Question

For the reaction
\[ \text{A} + \text{B} \rightleftharpoons \text{C}, \quad K_p = 2.7 \times 10^{-5} \] Calculate \( K_p \) for the reaction
\[ \frac{1}{3} \text{A} + \frac{1}{3} \text{B} \rightleftharpoons \frac{1}{3} \text{C} \]

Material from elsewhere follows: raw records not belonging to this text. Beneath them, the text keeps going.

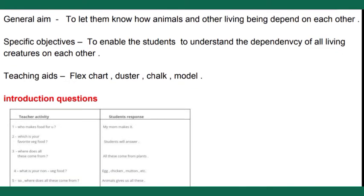For 'Teaching Aids,' we write whatever aids we are going to use while teaching — for example, flex charts, duster, chalk, models, etc. All teaching aids used must be mentioned here in the lesson plan.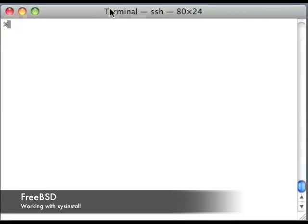Hello and welcome to another tutorial. Today we are going to work with SysInstall. This is with FreeBSD.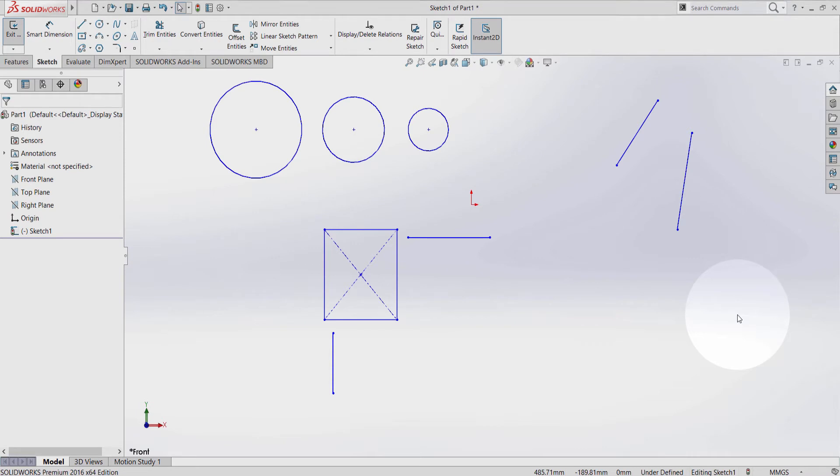Welcome to this video tutorial. In this video we're going to have a look at how to use geometric relations.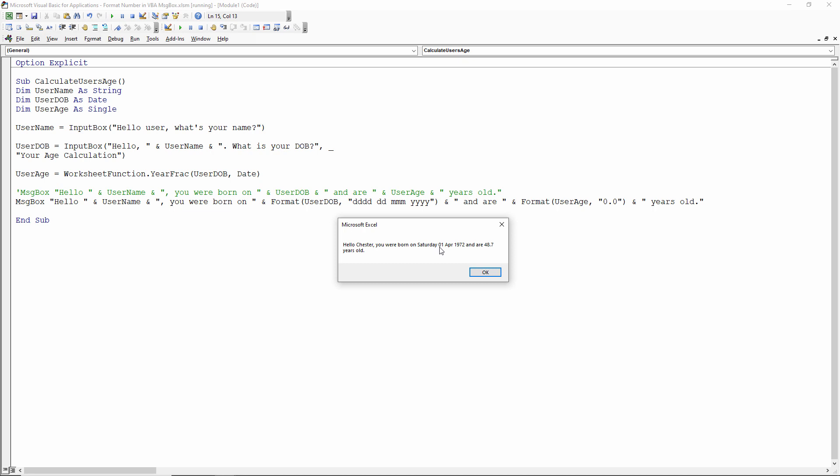Hello Chester, you were born on Saturday, the 1st of April 1972, and you're 48.7 years old. So that's all because I've used Format here.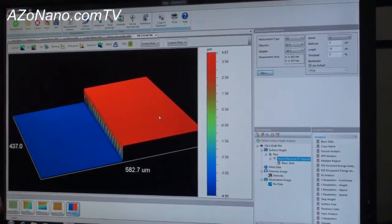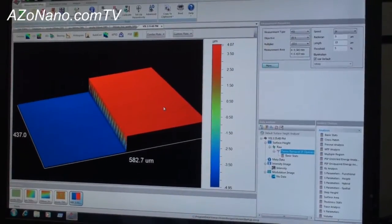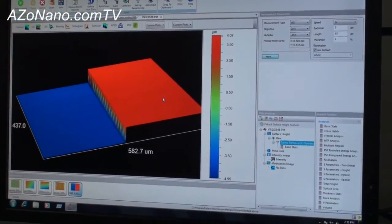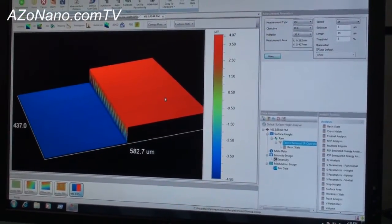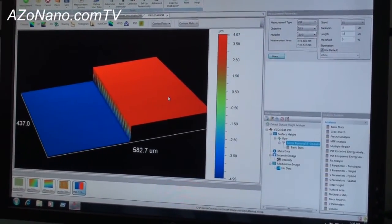So we talked about vertical scanning interferometry. We also do phase shifting interferometry and also the acuity XR which gives us better lateral resolution.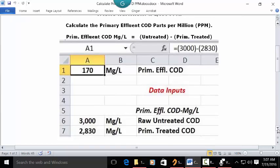Open a blank worksheet. If you want, you can put your cursor in C1 and type 'Primary Effluent COD.' You can also note that the answer is going to be in milligrams per liter or PPM.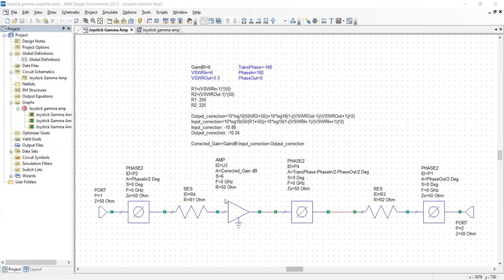And at the same time, if I make 50 ohms in front of a 50 ohm amplifier, that makes a mismatch. So I have to correct for the mismatch loss, as well as the voltage divider loss. And that's all in here. And you can download this entire project from Microwave 101.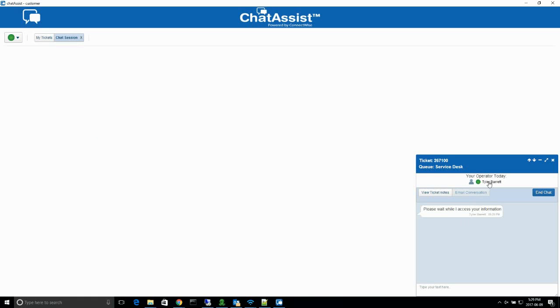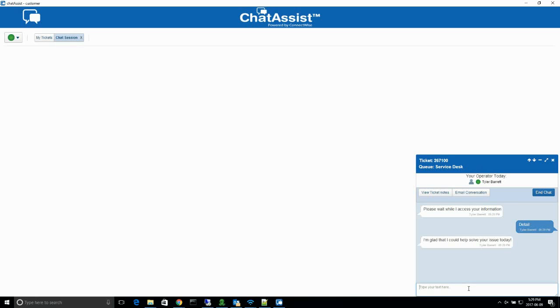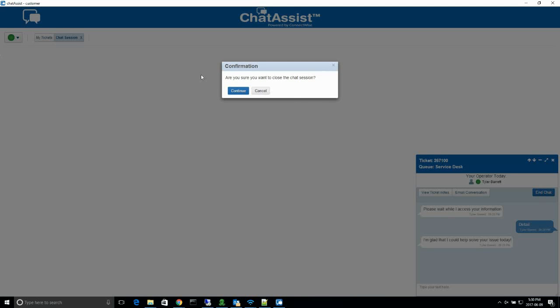Once the window is open, you're now chatting with a tech. Then you can describe more detail about the issue that you're having. They'll give you a response and once you're done, you hit the End Chat button to finish the chat. Hit Continue to finish.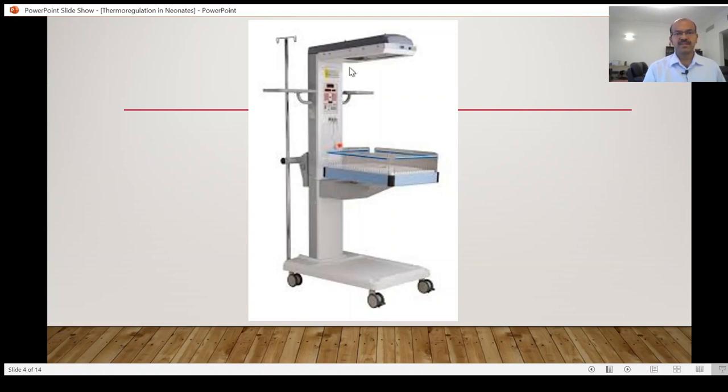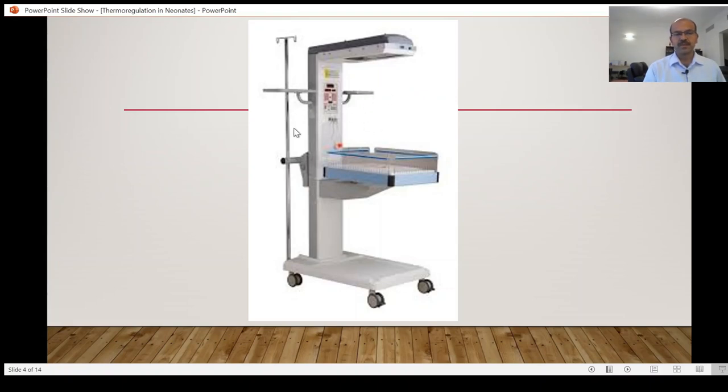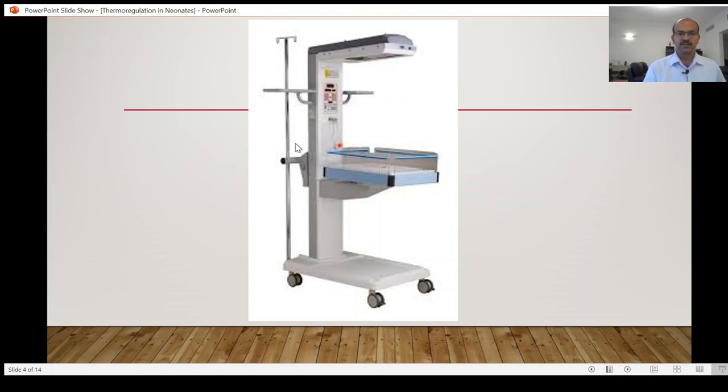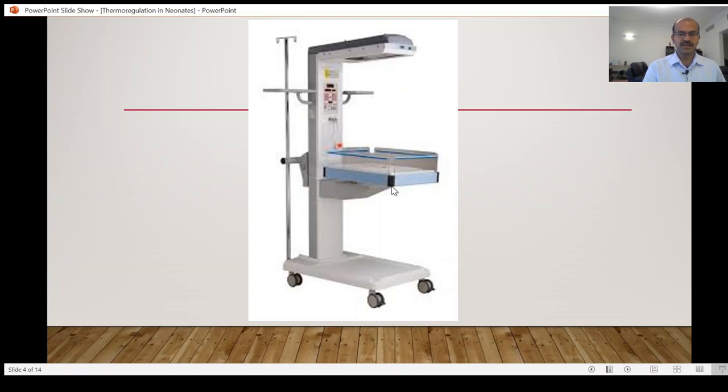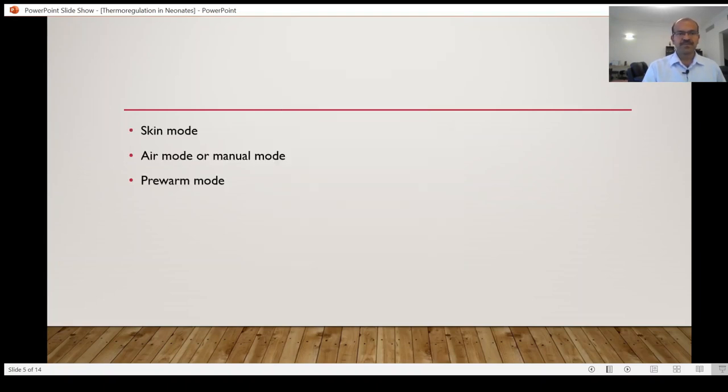So this is the open care system. As you can see, we have the radiant heater at the top. You may have the resuscitative air options in the open care systems, mainly those used in the labor room, but those used in the NICU you may or may not enable them as you will have a number of other devices attached. These side rails are very important. Don't forget to close them. There is an ability to tilt the system as well and lower the unit up and down.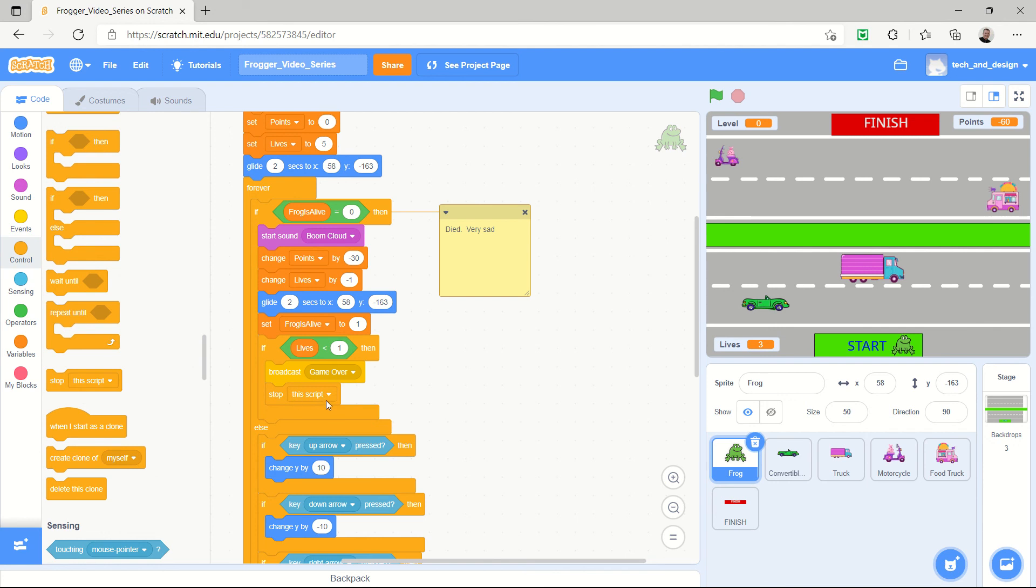Okay, so this is part one of the game over script. In the next video we'll talk about part two.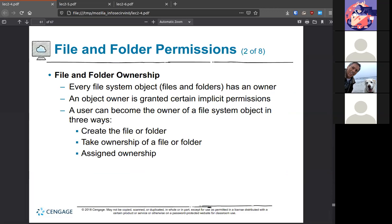Every file has an owner — whether it is the system, a user, or the administrator. Each owner has implicit permissions set through Active Directory or local setup. Those owners affect the file system: who can create a file or folder, who can take or assign ownership. It's possible that a user creates a file but then needs to transfer it to another person to be the custodian — so they change ownership, and that person then manages permissions while the creator just inputted the data and moved on.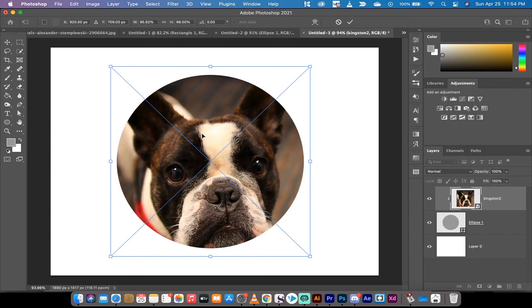But all in all, that's how you create a clipping mask in Photoshop in about 90 seconds. Thanks for watching guys, be back soon with some more content.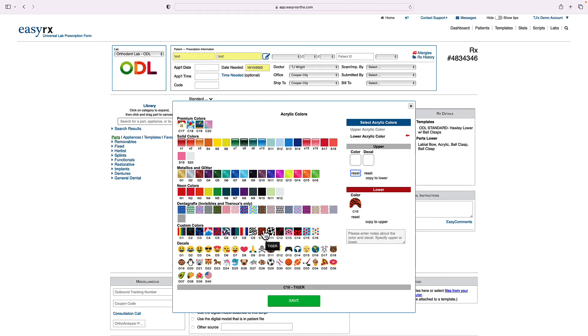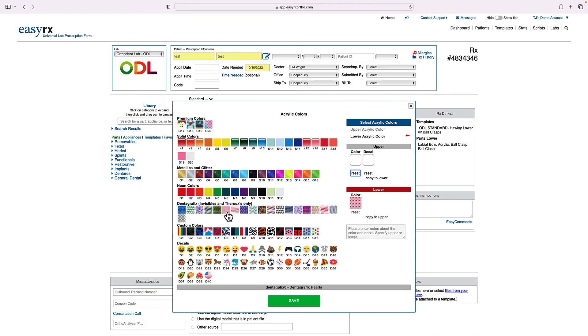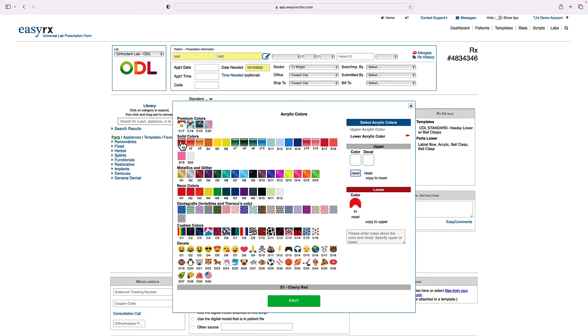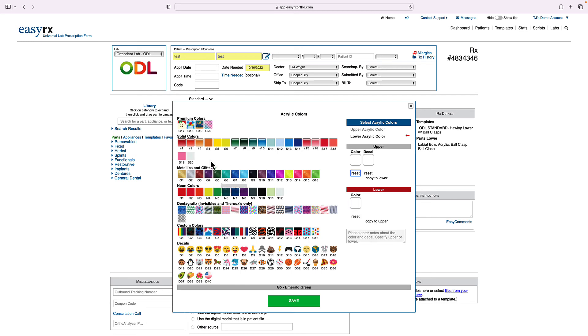You'll receive color charts that you can use to present to the patient so that they can choose the color they want. And we have two different color charts. We have one that has just the solid colors, which are the base price. And we have one that has everything. And those include the premium acrylics that are a little bit more labor intensive and thus cost a little bit more.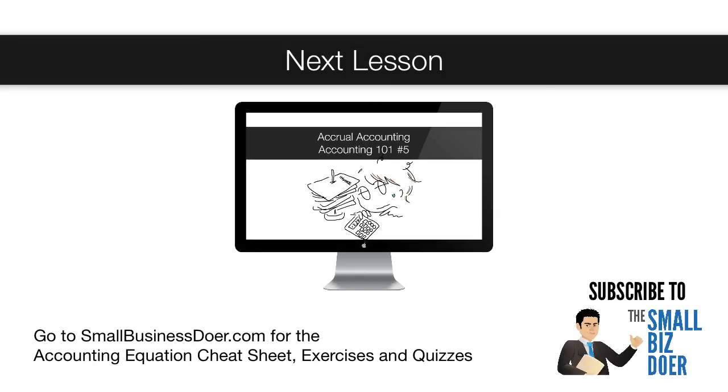In the next lesson, we'll go over giving credit to customers and getting credit from vendors, which is a good introduction to accrual accounting. If you go to smallbusinessdoer.com, you can download this accounting equation cheat sheet as well as do some exercises and quizzes.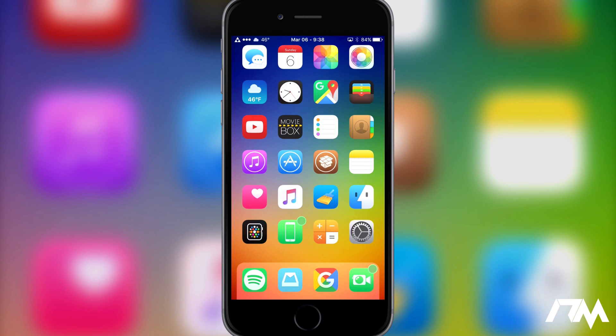Hey, what is up guys? Jeremy here and welcome back to another tweak video. We're going to be taking a look at an awesome tweak from Cydia. It is called Meteor.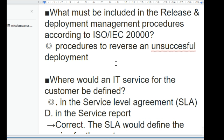What shall be done after a new or changed service has been implemented? A post-implementation review (PIR) is held, comparing actual outcomes against those planned.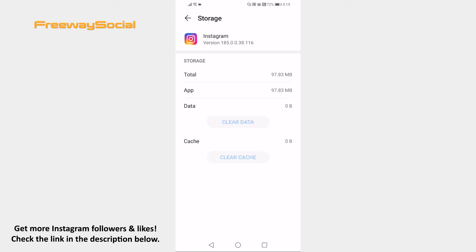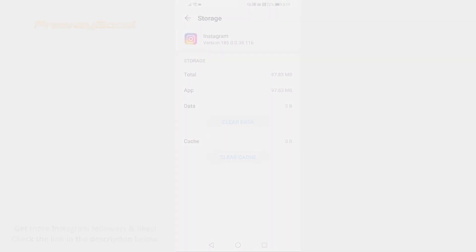That's it! I hope this guide was helpful and you are able to clear data on Instagram app in 2021. Don't forget to like this video and visit us at FreewaySocial.com.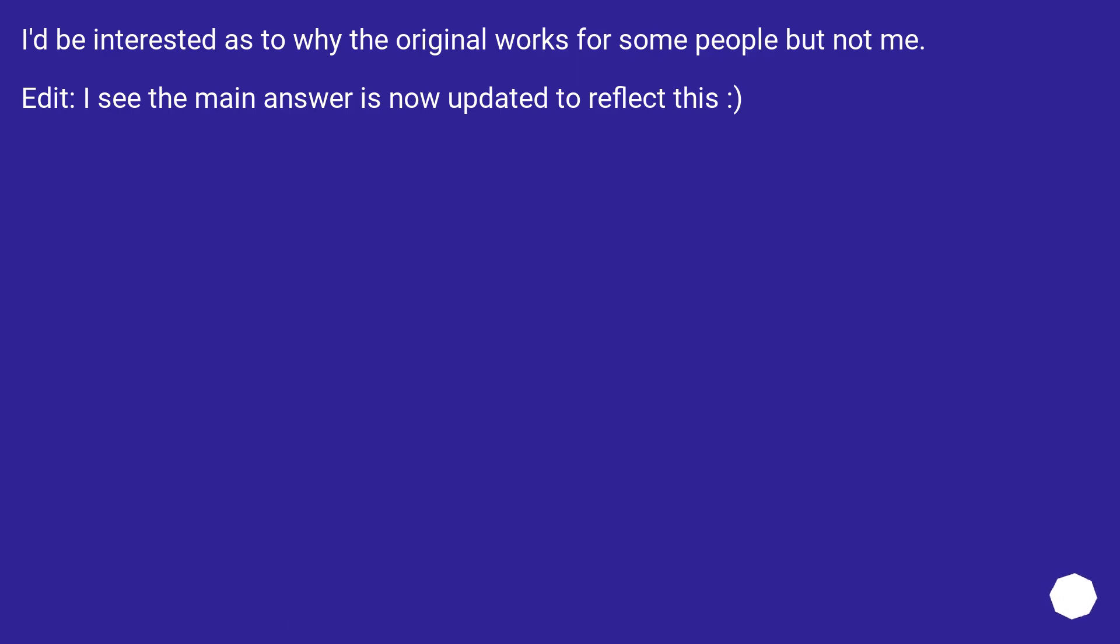I'd be interested as to why the original works for some people but not me. Edit: I see the main answer is now updated to reflect this.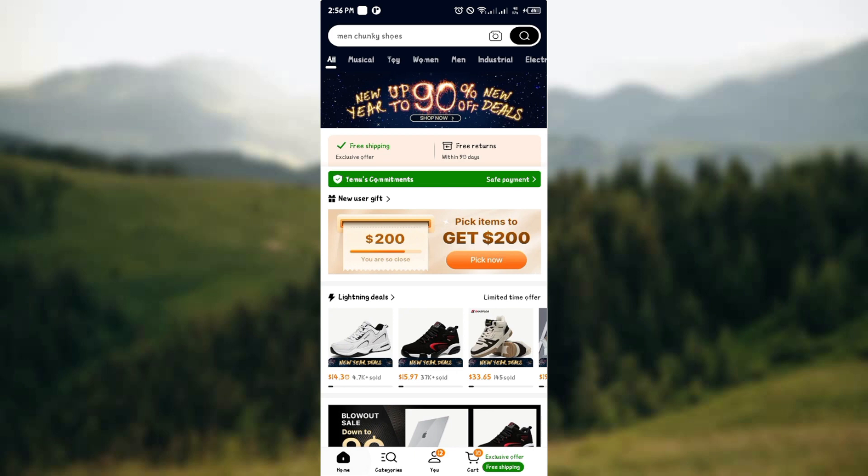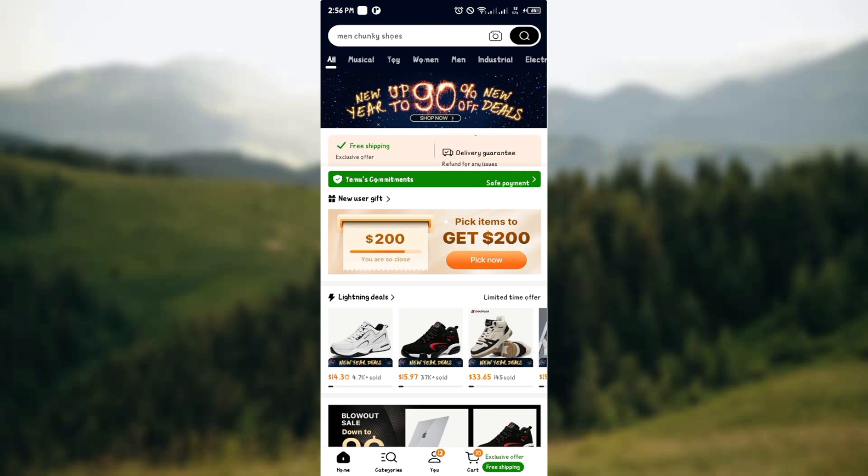Hey guys, welcome to another tutorial. Today I'll be showing you how you can delete your Temu account permanently, in case you would like to delete your account with Temu.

• A. \( 3 \times 10^{-3} \)
• B. \( \frac{1}{3} \times 10^{-3} \)
• C. \( 9 \times 10^{-3} \)
• D. \( 3 \times 10^{-2} \)

Answer 1

The Correct Option is D

Step 1: Understand the effect of changing the stoichiometry on the equilibrium constant.
For the given reaction: \[ \text{A} + \text{B} \rightleftharpoons \text{C}, \quad K_p = 2.7 \times 10^{-5} \] We are asked to find \( K_p \) for the reaction: \[ \frac{1}{3} \text{A} + \frac{1}{3} \text{B} \rightleftharpoons \frac{1}{3} \text{C} \] We notice that the coefficients of all species are divided by 3. When we divide the coefficients in the balanced reaction by a constant, the equilibrium constant changes according to the power of the factor by which the coefficients are divided. Specifically, if the reaction is multiplied or divided by a factor \( n \), the new equilibrium constant is: \[ K'_p = (K_p)^n \] Step 2: Apply the rule to the given reaction.
In our case, we have divided all the coefficients by 3. Thus, the new equilibrium constant is: \[ K'_p = (K_p)^{1/3} \] \[ K'_p = (2.7 \times 10^{-5})^{1/3} \] Step 3: Calculate the new equilibrium constant.
Taking the cube root of \( 2.7 \times 10^{-5} \): \[ (2.7 \times 10^{-5})^{1/3} \approx 3 \times 10^{-2} \] \( 3 \times 10^{-2} \).